On July 23 the Senate passed the Economic Opportunity Act of 1964, Johnson’s bill initiating the War on Poverty. The act authorized $947,500,000 for job training, small-business loans, and community-action programs to fight unemployment and illiteracy. Johnson signed the act into law on August 20.

The Johnson administration had been looking for a pretext to expand military involvement in Vietnam for several months when, on August 2, three North Vietnamese PT boats attacked the U.S. destroyer Maddox as it patrolled the Gulf of Tonkin. The North Vietnamese probably struck on the assumption that Maddox had led a South Vietnamese naval attack against Vietcong installations two days earlier.

Though the Maddox suffered no casualties, President Johnson immediately ordered military retaliation against strategic targets in North Vietnam, and on August 6 he asked Congress to give him the power to “take all necessary measures to repel any armed attack against the forces of the United States” in Vietnam. His Southeast Asia Resolution would in effect give him the freedom to wage an undeclared war against North Vietnam. “Like grandma’s nightgown,” Johnson would say later, “it covered everything.”

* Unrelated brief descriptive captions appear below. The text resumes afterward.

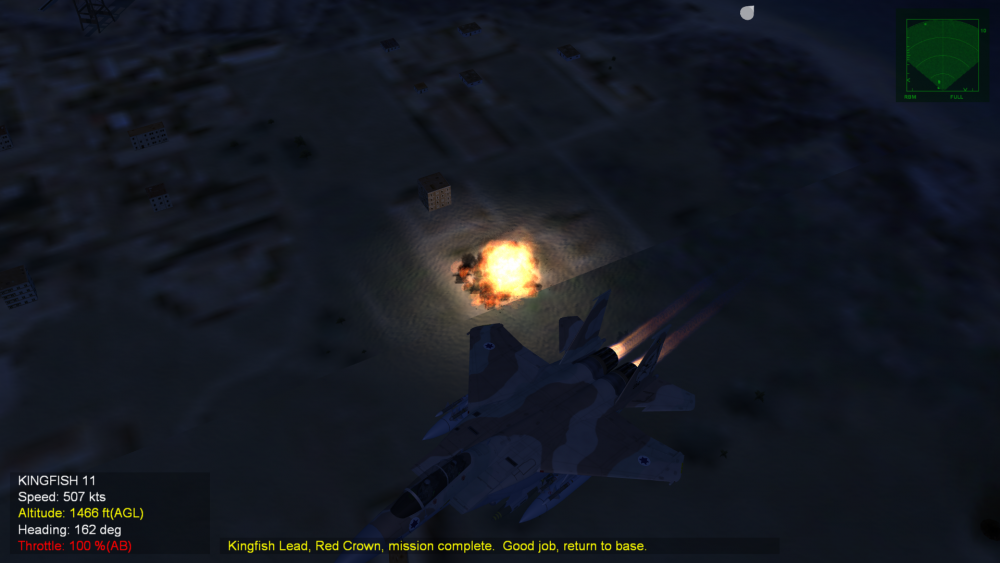 Strike Fighters 2 North Atlantic 9_5_2018 1_53_20 AM.png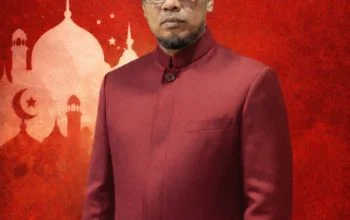 Menata Hati Menjaga Negeri, Tafsir Futūḥ al-Rabbānī dalam Etika Publik 3 Menata Hati Menjaga Negeri, Tafsir Futūḥ al-Rabbānī dalam Etika Publik I PojokPublik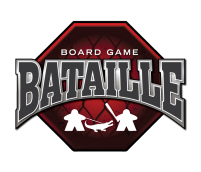 bataille-logo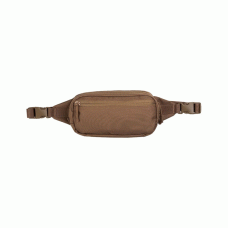 Сумка поясна Sturm Mil-Tec Traveller Dark Coyote DARK COYOTE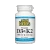 Vitamin D3 & K2 - 60 Softgels by Natural Factors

Sen. Wayne Morse of Oregon warned that Johnson was misleading Congress about the nature of the attack in the gulf, and Sen. Ernest Gruening of Alaska stormed that “all Vietnam is not worth the life of a single American boy,” but they stood alone. Johnson’s so-called Tonkin Gulf Resolution passed the Senate by 88 to 2 and the House of Representatives by 416 to O. The congressmen apparently had support at home for their vote: A Harris poll conducted that week indicated that 85 percent of the American population supported Johnson’s military retaliation against the North Vietnamese.

The U.S. Census Bureau reported on August 31 that California had passed New York as America’s most populous state.